Freitagabend, 13. Dezember 2002, auf der lesbisch-schwulen Uni-Fete "Warm ins Wochenende" in Mainz. Da steht in einer Gruppe auch Sebastian vor Markus’ Kamera. Etwas unentschlossen, unsicher, er lässt sich nicht gern fotografieren. Den Fotografen hat er schon öfter gesehen, sie hatten sich vor Wochen einmal kurz unterhalten. Marc kennt Markus und hatte sie einander vorgestellt. Markus ist damals überall, wo sich die Szene trifft. Sein Lachen ist Sebastian aufgefallen, sympathisch und echt, aus ganzem Herzen. Markus setzt sich zu Sebastian. Sie reden übers Studium, ihre Seminare, über Markus’ Magisterarbeit, gerade ist er begeistert von Magnus Hirschfeld. "Ich glaube, er hätte mir alles erzählen können. Ich fand das faszinierend: Markus ist unglaublich interessiert und findet es ganz wichtig, was ihn gerade beschäftigt", erinnert sich Sebastian. Für Markus steht sofort fest: Er ist es. Das spürt er mit aller Gewissheit und Zuversicht. Er sagt es sogar schon an diesem Abend zu einem Freund.

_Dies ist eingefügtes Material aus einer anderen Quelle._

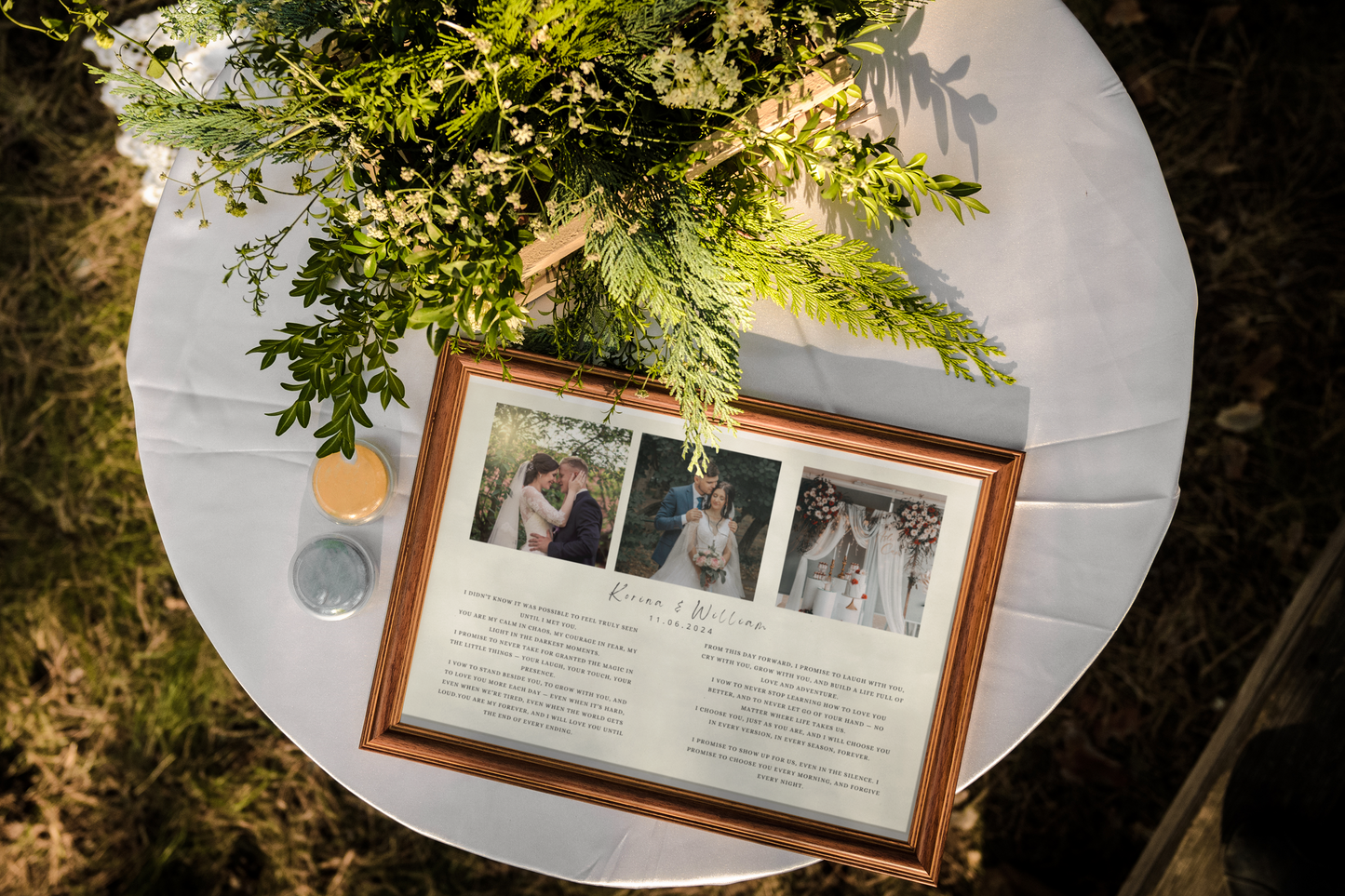 Personalised Wedding Vow Print | Keepsake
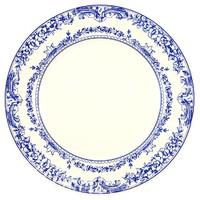Porcelain Blue Large Paper Plates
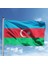Azerbaycan Milli Gönder Bayrağı Raşel Kumaş Dijital Baskı 120 x 180 1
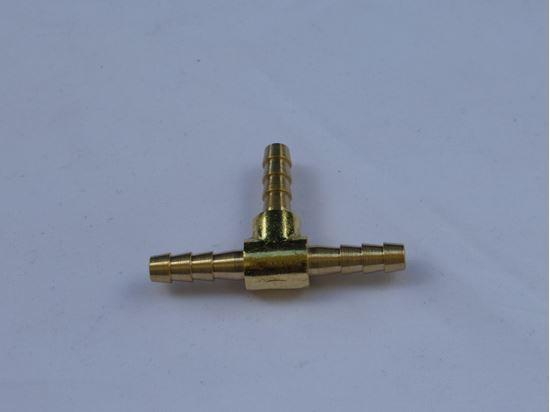 HELIX RACING 053-1480 BRASS BARB/BARB/BARB TFT 1/8(3.2MM, 1/8 Inch Hose Barb; Tee; Without O-Ring; Without Jam Nut; Brass; Single
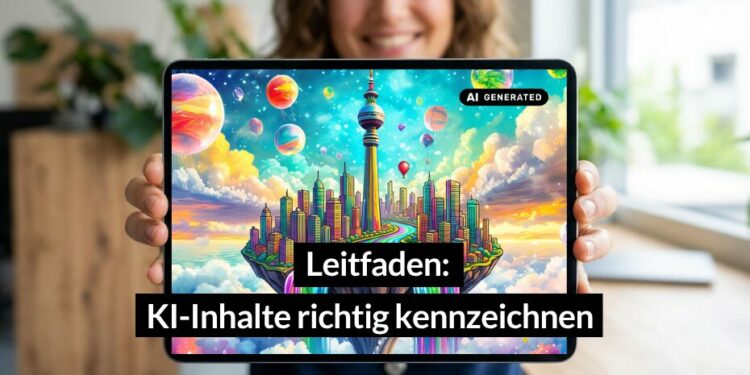So kennzeichnen Sie KI-generierte Texte und Bilder (mit Beispielen & EU-Icons)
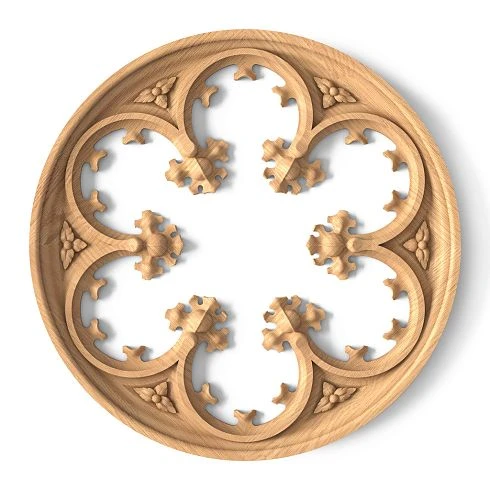 Wooden ceiling rosette R-076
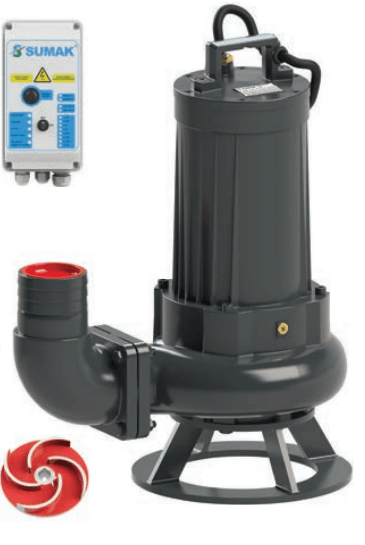 Sumak SDTV 100/4 Foseptik Dalgıç Pompa Trifaze 380V 10 Hp - Koşar Ticaret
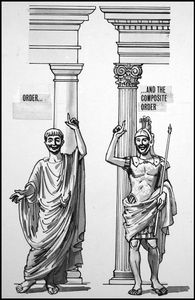 New Styles of Roman Architecture art by Ralph Bruce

Warme Schreibtischlampe trifft kalte Neonröhre

Gegen 3 Uhr geht das Licht an. Sie sind unter den letzten Gästen. Marc hatte bemerkt, wie gut sich die beiden verstehen, und Markus spontan zu seiner Geburtstagsparty eingeladen. Sie sind so gegensätzlich. Der eine nachdenklich und vorsichtig, der andere leidenschaftlich und engagiert. Warme Schreibtischlampe trifft kalte Neonröhre. Fast nie allein unterwegs und immer allein unterwegs. Pünktlich und unpünktlich. Aber das finden sie erst noch heraus. Am Abend auf der Geburtstagsparty bei Marc. Zu 20 Uhr sind sie eingeladen und Sebastian ist längst da. Er erzählt allen, dass Markus, dieser spannende Mann, kommen wird. Aber der kommt nicht. Sebastian wartet. Die Freunde versuchen, ihn abzulenken. Marc bittet ihn, den dunklen Treppenaufgang zum Party-Raum mit Teelichtern besser sichtbar zu machen, damit alle den Weg finden. Damit auch Markus den Weg findet, denkt Sebastian. Es ist schon nach 22 Uhr. Ob Markus noch auftaucht, er glaubt es nicht mehr, aber wünscht es sich doch.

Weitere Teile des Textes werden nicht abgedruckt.